Trials / Completed
CompletedNCT01399723
Amoxicillin Versus Benzyl Penicillin for Treatment of Children Hospitalised With Severe Pneumonia
Amoxicillin Versus Benzyl Penicillin for Severe Childhood Pneumonia Amongst Inpatients: An Open Label Randomised Controlled Non-inferiority Trial
- Status
- Completed
- Phase
- Phase 3
- Study type
- Interventional
- Enrollment
- 561 (actual)
- Sponsor
- KEMRI-Wellcome Trust Collaborative Research Program · Academic / Other
- Sex
- All
- Age
- 2 Months – 59 Months
- Healthy volunteers
- Not accepted
Summary
This study seeks to determine whether clinical outcome following initial treatment of severe pneumonia with oral amoxicillin is as effective as the current standard benzyl penicillin. The study will also provide an estimate of the proportion of Kenyan children with severe pneumonia who fail treatment with a single antibiotic.
Detailed description
Case management for the treatment of childhood acute respiratory infections has been widely promoted in many developing countries for over 20 years. Despite this, pneumonia continues to claim over 1.5 million lives of children under five annually.

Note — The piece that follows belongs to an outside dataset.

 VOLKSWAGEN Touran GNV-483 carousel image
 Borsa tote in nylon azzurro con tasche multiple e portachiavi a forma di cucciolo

The use of affordable, easily-administered, safe, effective treatments can potentially reduce the burden of childhood pneumonia. The WHO recommends the use of a single antibiotic for the treatment of severe pneumonia. Whereas in Asia, evidence from large randomized clinical trials has changed policy recommendations for treatment of severe pneumonia from parenteral penicillin to oral amoxicillin, there is little evidence to inform a similar move in African children where pneumonia is associated with poorer outcomes. In this study the investigators will investigate effectiveness of oral amoxicillin versus the current standard treatment, benzyl penicillin in severe childhood pneumonia using a randomized controlled non-inferiority design preceded by a pilot pre-intervention phase. The investigators will also collect observational data HIV-exposed / infected children with severe pneumonia. 594 children aged 2 - 59 months admitted with clinical signs of severe pneumonia to up to 7 hospitals in Kenya will be randomly assigned to receive either oral amoxicillin or injectable benzyl penicillin. They will then be followed up for the primary outcome of pre-defined treatment failure at 48 hours. The results of this trial will provide valuable data on the effectiveness of oral amoxicillin in the treatment of severe pneumonia in a population of Kenyan children and determine the practicability of conducting large pragmatic trials on pneumonia in Africa similar to those done in Asia.
Conditions
Interventions
| Type | Name | Description |
|---|---|---|
| DRUG | Amoxicillin | Oral 45mg/kg 12 hourly |
| DRUG | Benzyl penicillin | Intravenous 50,000IU/kg 6 hourly |
Timeline
- Start date
- 2011-09-01
- Primary completion
- 2013-09-01
- Completion
- 2013-09-01
- First posted
- 2011-07-22
- Last updated
- 2015-02-13
- Results posted
- 2015-02-13
Locations
6 sites across 1 country: Kenya
Source: ClinicalTrials.gov record NCT01399723. Inclusion in this directory is not an endorsement.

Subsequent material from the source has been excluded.